Germany wouldn't have the strength to take on both the Poles (and Soviet forces still stuck in Poland) and the French simultaneously.

Trying to annex Prussia (again) means ceding the Rhineland to France and I don't see that as very likely.

@Olefin: Any French evacuation of their Berlin enclave is going to be incredibly difficult in the midst of a modern shooting war. I can't think of any recent precedent for such an evacuation, really. Will NATO and the WTO consent to a cease fire in order to allow the French to withdraw? Perhaps, but since doing so would open a corridor from Berlin to the west, such a cease fire could benefit NATO much more than the WTO, so I don't see the Soviets agreeing.

I think a more likely outcome is one side or the other "impounding" the French forces in Berlin with the understanding that they would be repatriated as soon as possible. The French wouldn't really be in a position to demur. I suppose they could fight back, but it would be futile. Would the French government order a last stand, or agree to the arrangement? I tend to conclude the latter.

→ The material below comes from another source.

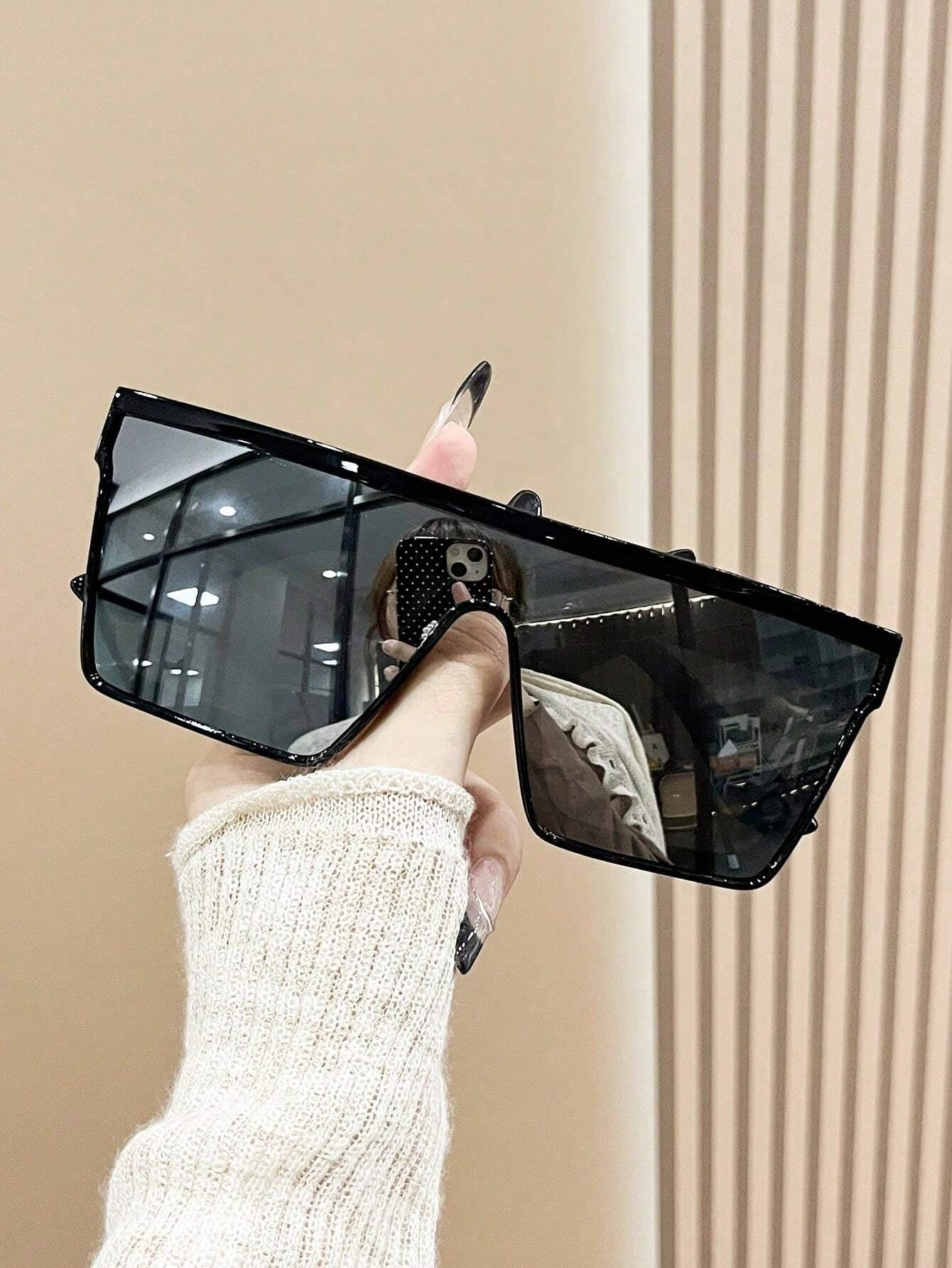 1 Pair Black Oversized One-Piece Lens Fashion Glasses, Fashionable Summer Beach Shades Beach Accessories for Women Glasses Shades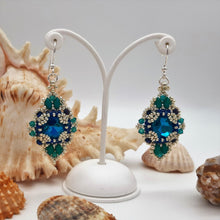 Carica l'immagine nel visualizzatore di Gallery, Orecchini artigianali "Cordoba" con cristalli austriaci e perline, eleganti e personalizzabili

If NATO does the impounding, it insults French pride and gives France yet another reason to turn on the alliance. If the Soviets do it, it creates a pretty cool adventure/campaign scenario, giving French PCs a "Going Home" scenario of their own. Either way, it opens the door for some French military vehicles showing up in the service of NATO and/or the WTO in eastern Germany/Poland for years to come.